Inland NW Bronco Club
BYLAWS
Definition of Bylaws: These Bylaws constitute a code of rules adopted by the Inland Northwest Bronco Club for the regulation and management of its affairs.
Section 1: PURPOSE:
A. The general purpose of this club, and hereinafter called The Club or INWBC, shall be to:
1. Provide a social organization for all those interested in the restoration, modification, and promotion of any and all Ford Broncos.
2. Encourage interest in said vehicles with the general public and to bring together all those with similar interests.
3. Encourage family participation in such events.
4. Promote friendship and support organization functions held by The Club, as well as others who have such interest.
B. Our main goal is to raise funds for club events and charitable purposes.
1. Such funds shall be raised by, but not limited to; car shows, cruises, toy runs, etc. including working within the community to raise funds for the purpose of supporting various charities; and to engage in any or all such activities as are incidental or conducive to the attainment of the purposes of these charities and to exercise any and all powers authorized or permitted to be done by corporations under RCW 24.06 or any applicable laws that may be now or hereafter applicable or available to this corporation
Section 2: MEMBERSHIP:
A. Membership is open to all individuals 18 years of age and older that are interested in promoting the purposes of this club.
B. Membership Classification is to read as follows:
1. Single Membership - Members pay the full membership rate and are of legal age (18).
2. Family Membership – One additional household member (Spouse, Significant Other, or one child at least 16 years of age).
C. Membership shall be for one calendar year and shall begin on January 1st of each year.
D. Annual dues
1. Shall be $25 a year for Single Membership and $35 a year Family Membership.
2. Dues are owed at the time of application to the Club and by the first meeting of each year; and must be paid in full by the April meeting to be a voting member of the club for the remainder of that year.
3. All dues paid are non-refundable.
Section 3: CONDUCT:
A. During Club activities and other events, members shall:
1. Conduct themselves in a manner that promotes cooperation among members.
2. Respect each other’s opinions during meetings and allow each member the opportunity to present his/her views
3. Refrain from making personal attacks and leave personal disputes outside of The Club’s activities.
4. Conduct themselves in a manner which promotes a favorable public opinion of The Club and its activities/events.
5. Not make commitments on behalf of The Club without the vote of approval of the Board of Directors.
Section 4: MEMBERSHIP RESPONSIBILITY:
A. During Club activities and other events, members shall:
1. Promote The Club by helping with the promotion of responsible ownership of all Ford Broncos while attending car shows, cruises, trail runs or other events by handing out flyers, wearing club apparel, and talking to owners of cars to promote The Club and what it is trying to accomplish.
2. Members must operate vehicles in such a manner that it will not cause embarrassment to The Club, its officers, and members.
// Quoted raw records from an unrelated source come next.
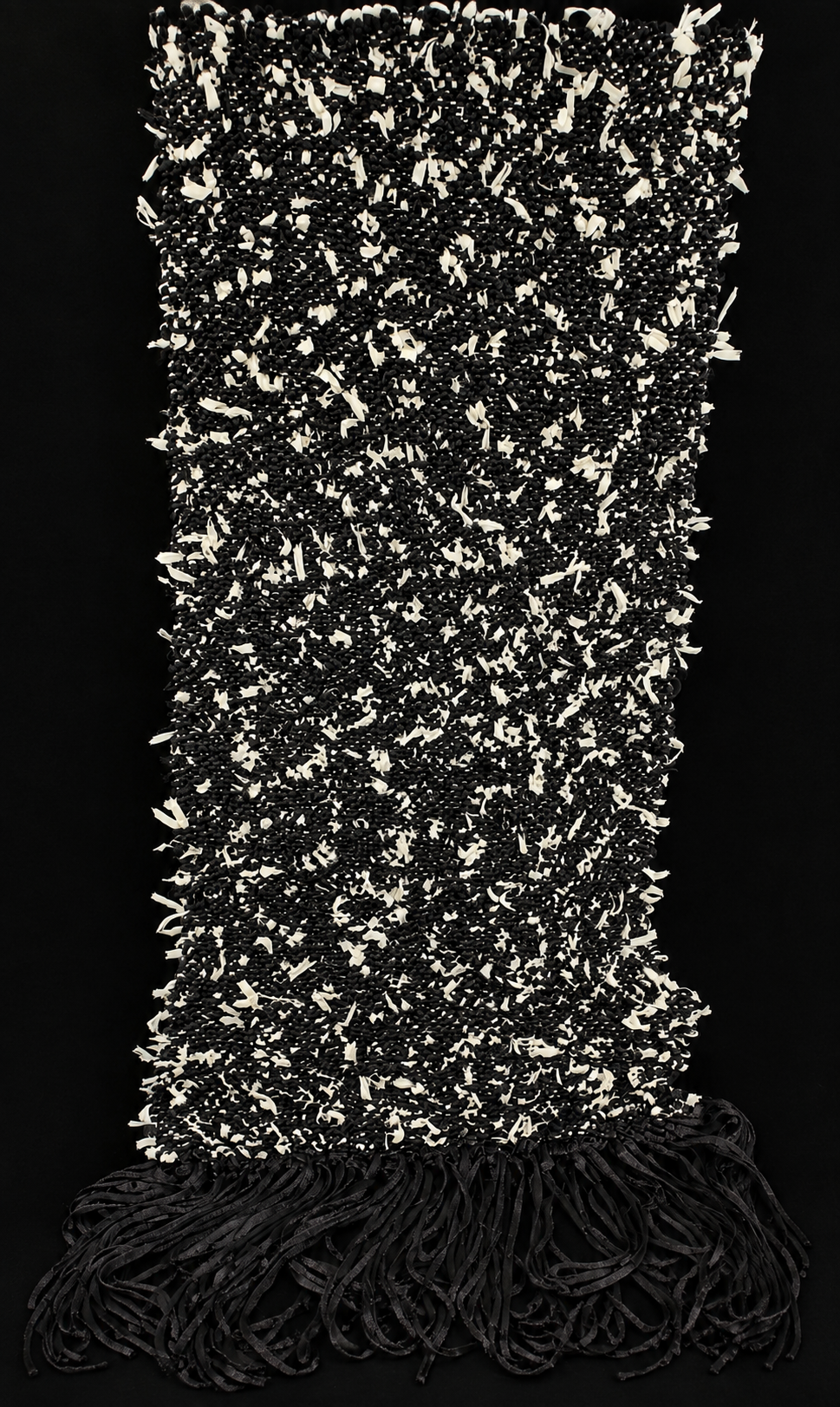 Confluence

Confluence is a one-of-one wearable work constructed through the accumulation and intertwining of linear elements. Mother-of-pearl, glass beads, and simulated pearls move through cotton-blend thread, creating a shifting, sculptural form t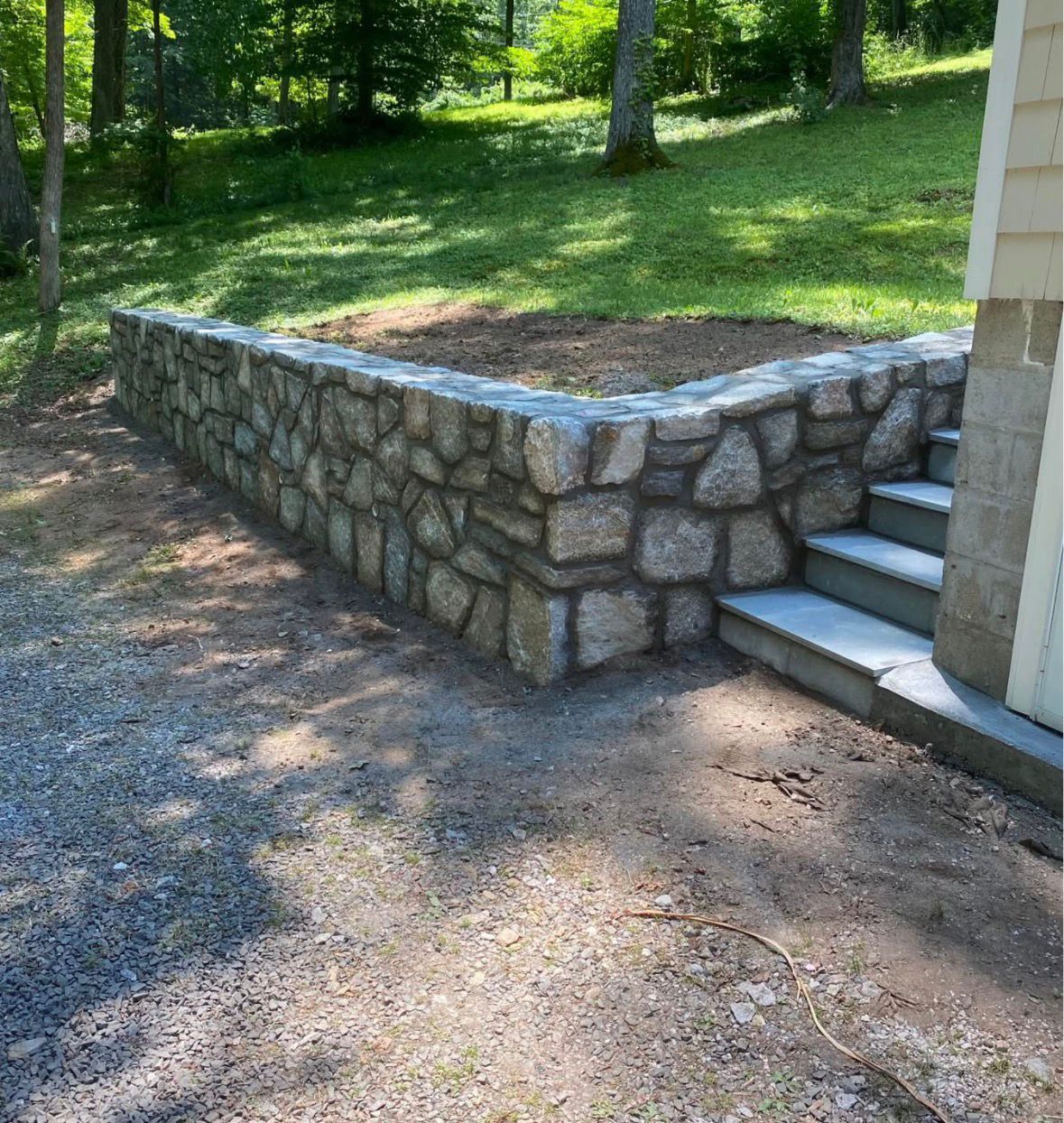 Stone retaining wall beside outdoor steps next to a house, with a grassy wooded slope behind it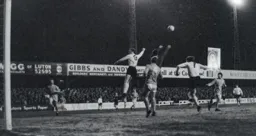 Matt Tees looks to punch the ball but the Rovers keeper beats him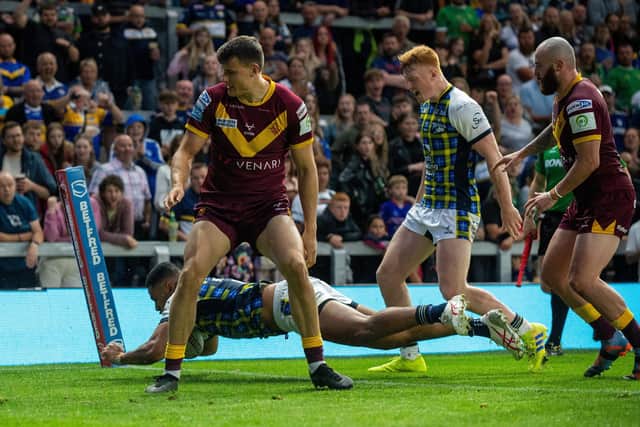 David Fusitu'a dives in to score his second try against Huddersfield. Picture by Bruce Rollinson.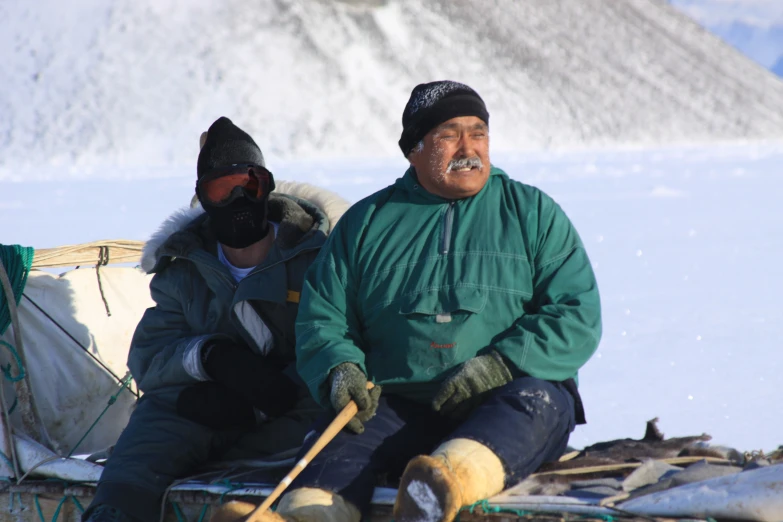 two people sitting on top of a sled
If such a case arises, the offending member will be subject to removal from the Club for a span of time as voted on by the BOD.
3. All Club members who drive while involved in Club functions or are traveling to or from a Club function, shall abide by the laws of the State in which vehicle is being operated in when representing the club.
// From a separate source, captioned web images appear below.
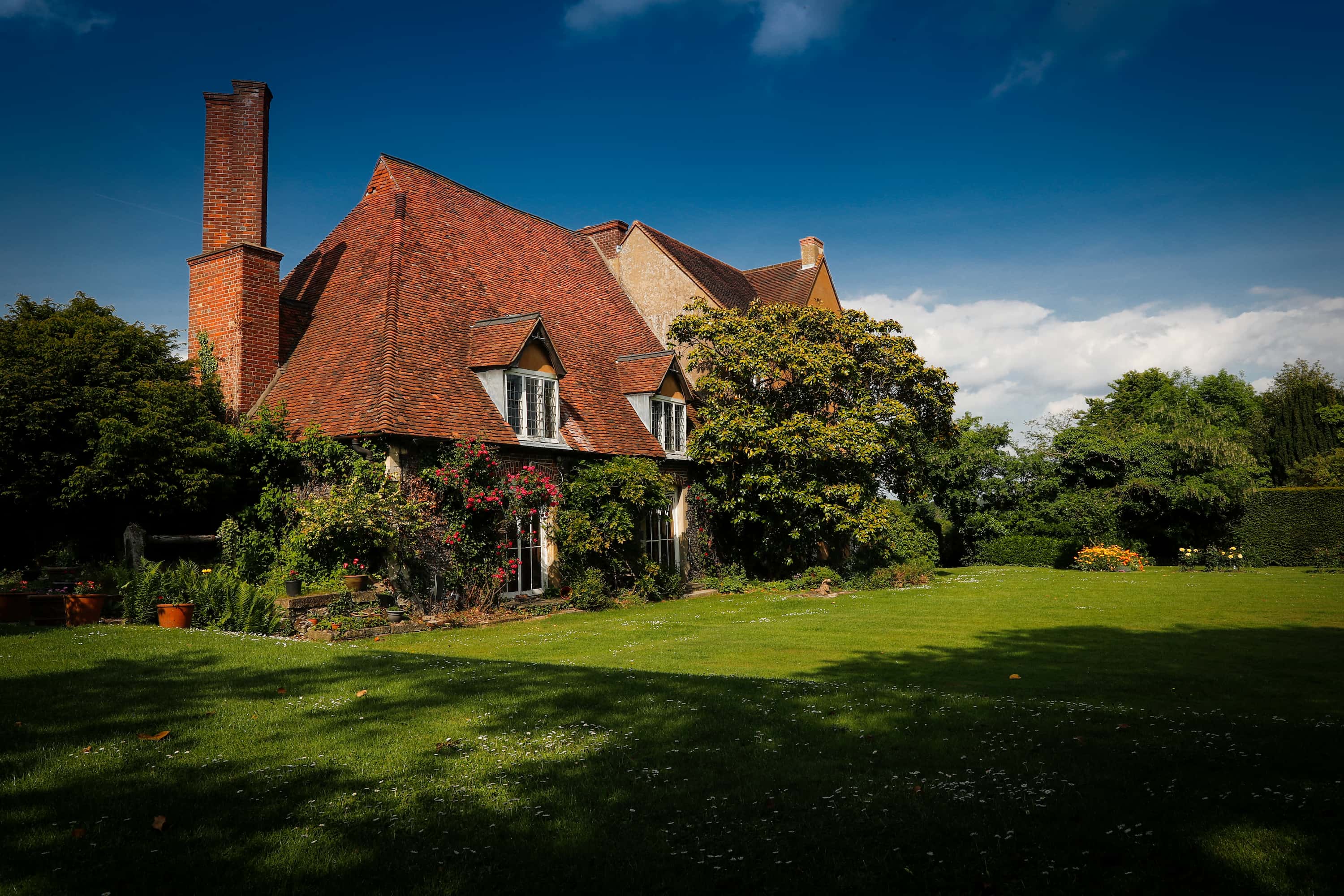 Nurstead Court venue photography showcasing the historic house and gardens captured for luxury hospitality branding and website design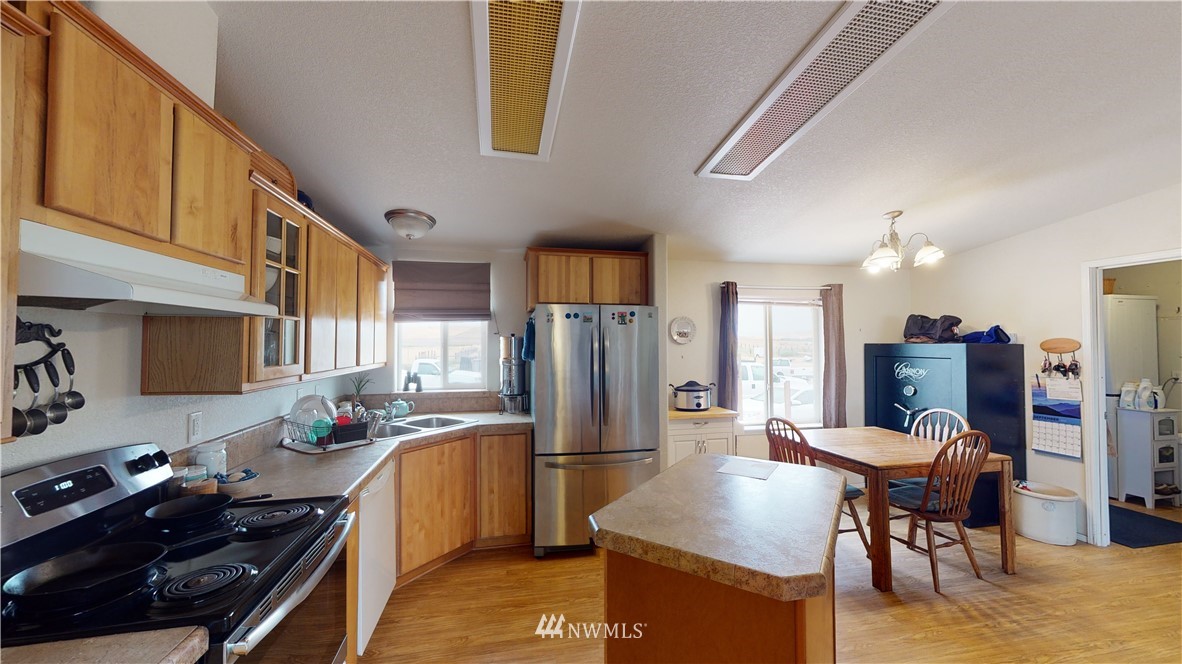 196 Skyrocket Road Prescott, WA 99348 - Photo 6 of 21 a kitchen with stainless steel appliances granite countertop a refrigerator and a stove top oven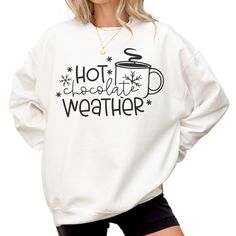 Hot Chocolate Weather Sweatshirt, Cute Christmas Shirt, Trendy Christmas Sweater For Women, Winter Holiday Crewneck, Christmas Gift For Her ---------- Ordering Your Custom Design T-shirt: Step by Step ---------- 1. Select your preferred t-shirt color. 2. Specify your desired size. 3. Pick the color for both your design and text. 4. Ensure that each step of your order is accurately completed. M A T E R I A L S → Our solid color options such as White and Black consist of 100% Cotton. → The Heathered Colors are a blend of cotton and polyester, ensuring a luxuriously soft feel. → Crafted as Short Sleeve Crew-Neck Unisex T-Shirts. → Composed of soft, high-quality Sueded Jersey fabric. → Pre-shrunk for lasting fit. → Taped shoulder-to-shoulder for enhanced durability. → Tear away label for added Sweater For Women Winter, Hot Chocolate Weather, Christmas Sweater For Women, Holiday Crewneck, Cute Christmas Shirt, Cute Christmas Shirts, Christmas Sweaters For Women, Sweatshirt Cute, Sweater For Women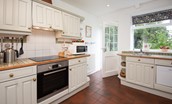 Milfield Hill Cottage - kitchen with ceramic hob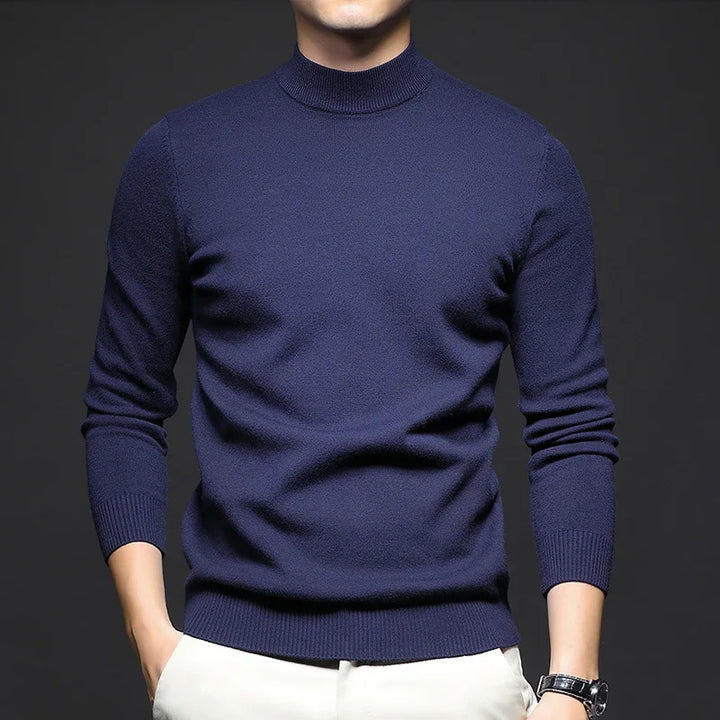 man wearing fitted navy blue turtleneck sweater with white pants and black wristwatch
4. In order for our events to be successful, members are asked to help as much as possible during Club events (i.e.- shows, cruises, trail runs, etc.)
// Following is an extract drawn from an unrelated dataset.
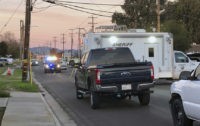 Authorities hunt California police officer's killer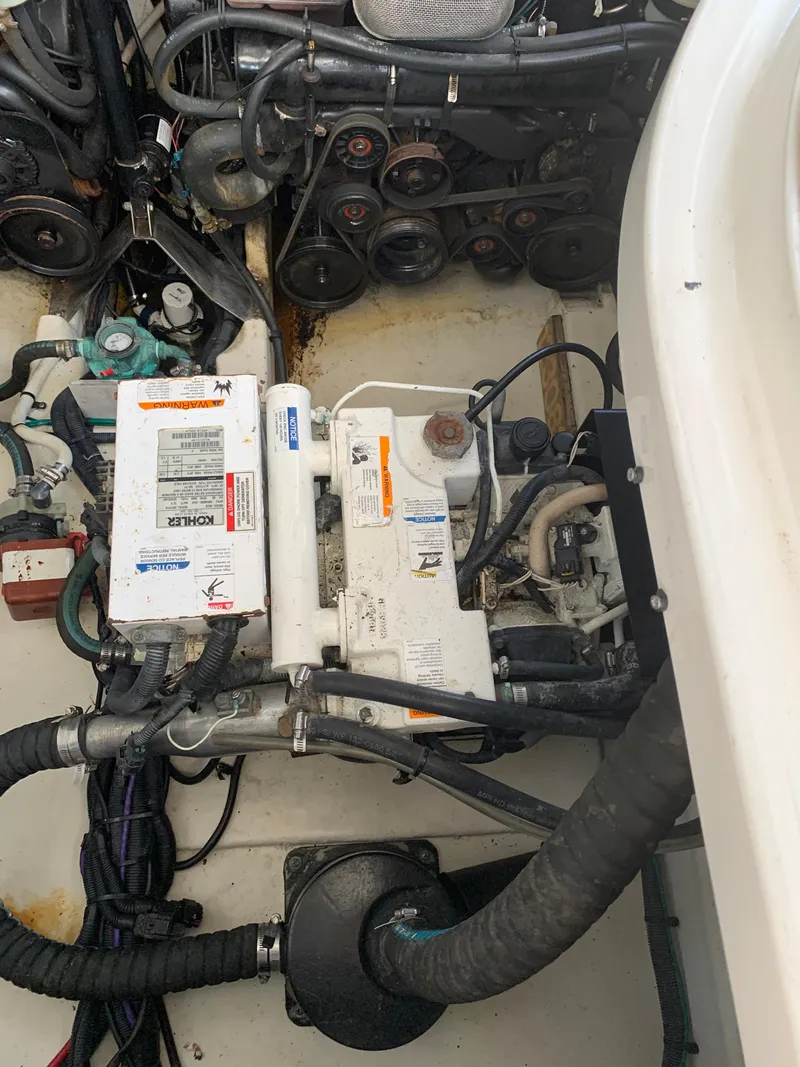 Slide: The Image of Engine compartment of 2008 Sea Ray 330 Sundancer boat, showing mechanical components. - 15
5. Any club member while driving and representing the Club, shall have a valid operator's license and insurance, as required by the State in which vehicle is being operated and/or participating.
Section 5: MEMBERSHIP TYPE VEHICLES:
A. To facilitate the general purpose, ALL Ford Bronco years, makes, and models are eligible for membership.
1. Vehicles may be altered, built, or changed in such a way to create interest from non-members; or they may be stock, non-altered.
Section 6: BOARD OF DIRECTORS (BOD):
A. The BOD of The Club shall be comprised of the Officers: President, Vice-President, Secretary, Treasurer; and the Directors at Large.
1. Officers shall be elected for one-year terms. Each Officer may be reelected. If an Officer does not want to continue in a position for the following year, or are voted out of office, they will serve as a Director at Large for one year after leaving their Officer position, to provide continuity.
B. The election of officers shall take place at the Annual meeting held at the Holiday Dinner IAW Terms specified for each position. Individuals shall be elected by a majority vote of the members in attendance. New officers shall take office January 1st of their elected year.
C. Shall meet once annually, at a minimum. Once, In January of every year (prior to scheduled Club meeting) to discuss plans for the new calendar year and meeting agenda. Additional meetings may be called as seen fit by the BOD.
D. All officers shall be elected by a majority of the members present at any annual meeting or special meeting called for that purpose.
E. Anyone wanting to hold office of said club may do so by being elected by its members, during the yearly election of club officers, and must have been a member of the club for one year prior to holding any office. If a member is unable to complete his/her term of office for any reason, a member may be appointed to fill the remainder of the term of office by the BOD, called in a special meeting.
F. In order to be a member of the BOD, members must own a Ford Bronco, as described within this document.
Offices must be held for one (1) year or until their successors are elected and qualified.
A. President –
1. Shall have general supervision, direction, and control of the business and affairs of The Club.
2. Shall sign all contracts.
3. Shall appoint any committee thought necessary for the good and welfare of The Club.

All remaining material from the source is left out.